At a press conference in Raleigh last week about North Carolina's death penalty, the most impressive speaker was also the least well-known. Charisse Coleman, a young writer and newcomer to the Triangle, was there to support a call by the N.C. Academy of Trial Lawyers for an immediate halt to state-sponsored executions.
Seated at a long table in front of a small crowd of reporters, Coleman listened quietly as prominent Tar Heel attorneys, law professors and anti-death penalty activists described how the system operates as a cruel lottery--unfairly targeting those who are non-white, poor and live in rural counties. She held her hands in her lap as fellow-speakers cited polls showing a decline in unequivocal public support for the death penalty. One recent study by The Charlotte Observer found 62 percent of North Carolinians surveyed favor a moratorium on executions. The Trial Lawyers' own poll put that share at 59 percent.

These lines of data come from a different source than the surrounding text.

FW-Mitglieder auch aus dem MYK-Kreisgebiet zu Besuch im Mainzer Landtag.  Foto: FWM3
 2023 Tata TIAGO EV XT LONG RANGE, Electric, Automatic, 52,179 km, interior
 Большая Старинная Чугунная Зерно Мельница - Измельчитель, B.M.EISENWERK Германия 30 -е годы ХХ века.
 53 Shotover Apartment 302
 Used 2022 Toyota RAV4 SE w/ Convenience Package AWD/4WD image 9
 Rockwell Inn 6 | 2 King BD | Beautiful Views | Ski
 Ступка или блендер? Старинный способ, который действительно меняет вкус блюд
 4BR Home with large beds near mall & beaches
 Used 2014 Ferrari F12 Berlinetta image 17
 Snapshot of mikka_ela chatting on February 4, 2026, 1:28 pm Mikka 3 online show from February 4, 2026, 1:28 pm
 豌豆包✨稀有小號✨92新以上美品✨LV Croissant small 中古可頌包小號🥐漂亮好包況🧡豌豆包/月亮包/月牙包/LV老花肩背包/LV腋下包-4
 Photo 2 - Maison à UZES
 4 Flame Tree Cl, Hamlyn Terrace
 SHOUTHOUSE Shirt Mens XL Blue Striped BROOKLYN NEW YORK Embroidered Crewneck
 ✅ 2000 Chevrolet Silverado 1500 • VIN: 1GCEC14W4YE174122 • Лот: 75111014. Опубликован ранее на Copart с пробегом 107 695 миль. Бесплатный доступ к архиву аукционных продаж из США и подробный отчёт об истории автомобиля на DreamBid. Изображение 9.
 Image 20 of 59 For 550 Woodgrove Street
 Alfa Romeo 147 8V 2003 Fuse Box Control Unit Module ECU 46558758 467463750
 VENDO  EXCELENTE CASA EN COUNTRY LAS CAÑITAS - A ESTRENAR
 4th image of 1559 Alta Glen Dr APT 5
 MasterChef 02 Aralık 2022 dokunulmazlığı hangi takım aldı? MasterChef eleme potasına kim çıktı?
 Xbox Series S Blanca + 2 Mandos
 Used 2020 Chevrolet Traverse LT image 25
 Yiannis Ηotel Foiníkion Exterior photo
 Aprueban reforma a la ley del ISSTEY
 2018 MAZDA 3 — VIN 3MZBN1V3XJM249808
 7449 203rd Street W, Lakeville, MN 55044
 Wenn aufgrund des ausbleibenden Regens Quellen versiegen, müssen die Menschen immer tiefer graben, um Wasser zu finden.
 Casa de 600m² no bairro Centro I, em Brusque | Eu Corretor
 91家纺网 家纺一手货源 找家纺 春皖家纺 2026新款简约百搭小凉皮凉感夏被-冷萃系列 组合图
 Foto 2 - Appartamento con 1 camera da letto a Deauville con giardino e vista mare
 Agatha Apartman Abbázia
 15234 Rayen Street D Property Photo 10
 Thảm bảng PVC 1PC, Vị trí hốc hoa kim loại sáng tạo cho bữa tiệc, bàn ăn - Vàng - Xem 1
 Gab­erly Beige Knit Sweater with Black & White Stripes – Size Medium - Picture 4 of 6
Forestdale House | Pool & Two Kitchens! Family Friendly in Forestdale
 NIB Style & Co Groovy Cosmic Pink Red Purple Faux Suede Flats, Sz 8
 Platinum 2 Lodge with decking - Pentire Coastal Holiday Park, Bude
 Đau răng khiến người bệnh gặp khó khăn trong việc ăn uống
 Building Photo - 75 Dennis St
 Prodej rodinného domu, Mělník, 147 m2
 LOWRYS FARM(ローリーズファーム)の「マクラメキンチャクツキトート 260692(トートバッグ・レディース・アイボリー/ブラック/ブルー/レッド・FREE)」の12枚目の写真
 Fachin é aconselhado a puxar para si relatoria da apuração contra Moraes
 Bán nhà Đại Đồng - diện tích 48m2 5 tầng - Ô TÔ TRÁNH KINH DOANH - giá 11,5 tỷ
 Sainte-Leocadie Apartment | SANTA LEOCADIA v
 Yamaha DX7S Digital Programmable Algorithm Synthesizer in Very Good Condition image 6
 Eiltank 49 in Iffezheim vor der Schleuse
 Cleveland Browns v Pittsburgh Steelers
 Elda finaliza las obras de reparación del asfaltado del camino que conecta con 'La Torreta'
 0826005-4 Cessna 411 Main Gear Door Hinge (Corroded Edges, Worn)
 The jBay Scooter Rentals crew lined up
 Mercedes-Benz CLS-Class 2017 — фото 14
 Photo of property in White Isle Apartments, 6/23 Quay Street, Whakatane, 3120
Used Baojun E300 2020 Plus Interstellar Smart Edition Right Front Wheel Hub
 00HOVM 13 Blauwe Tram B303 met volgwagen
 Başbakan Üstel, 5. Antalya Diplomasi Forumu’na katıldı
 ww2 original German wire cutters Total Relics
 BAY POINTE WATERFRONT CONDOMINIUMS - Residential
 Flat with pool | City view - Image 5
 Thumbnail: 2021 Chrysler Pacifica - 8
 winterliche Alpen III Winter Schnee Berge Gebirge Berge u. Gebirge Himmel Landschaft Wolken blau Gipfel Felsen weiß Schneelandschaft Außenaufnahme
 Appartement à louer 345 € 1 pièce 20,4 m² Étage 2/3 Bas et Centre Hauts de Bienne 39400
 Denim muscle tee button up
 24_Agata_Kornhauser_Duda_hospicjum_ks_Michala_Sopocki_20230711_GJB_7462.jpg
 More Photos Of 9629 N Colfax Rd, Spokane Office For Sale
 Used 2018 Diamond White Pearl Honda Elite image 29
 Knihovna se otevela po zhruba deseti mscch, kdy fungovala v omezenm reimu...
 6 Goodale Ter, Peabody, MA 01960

When it was her turn to speak, Coleman made it clear she wouldn't be citing statistics. Instead, she talked about her older brother, Russell, who was murdered five years ago during a convenience-store robbery in Louisiana. In words as precise and thorough as a police report, Coleman recounted exactly what her brother was doing when three armed men came into the store where he worked and what they said before one of them shot him in the back. The crowd sat motionless as Coleman paused to still a tremble in her voice that began when she described how her brother bled to death on the floor.
Her voice stopped trembling when she got to the heart of her speech. "Before Russell was killed, I was opposed to the death penalty. When he was killed, I was opposed to the death penalty. When his killer was sentenced, I was opposed to the death penalty," Coleman said. The desires of victim's families for justice--even vengeance--are understandable, she added, gazing steadily out at the room full of strangers. But they shouldn't be the basis for public policy.
"We have a terrible, terrible crisis of violence in this country," Coleman said. "State-sanctioned killings only add fuel to the flames."
When she took her seat, the room breathed again, and reporters began to pepper the other speakers with questions. Stories in the next day's paper focused on the polls and the politics of the call for a death-penalty moratorium. Despite the applause she'd received, it seemed Coleman's most powerful message went unheeded: When it comes to changing the death penalty, feelings are as important as facts.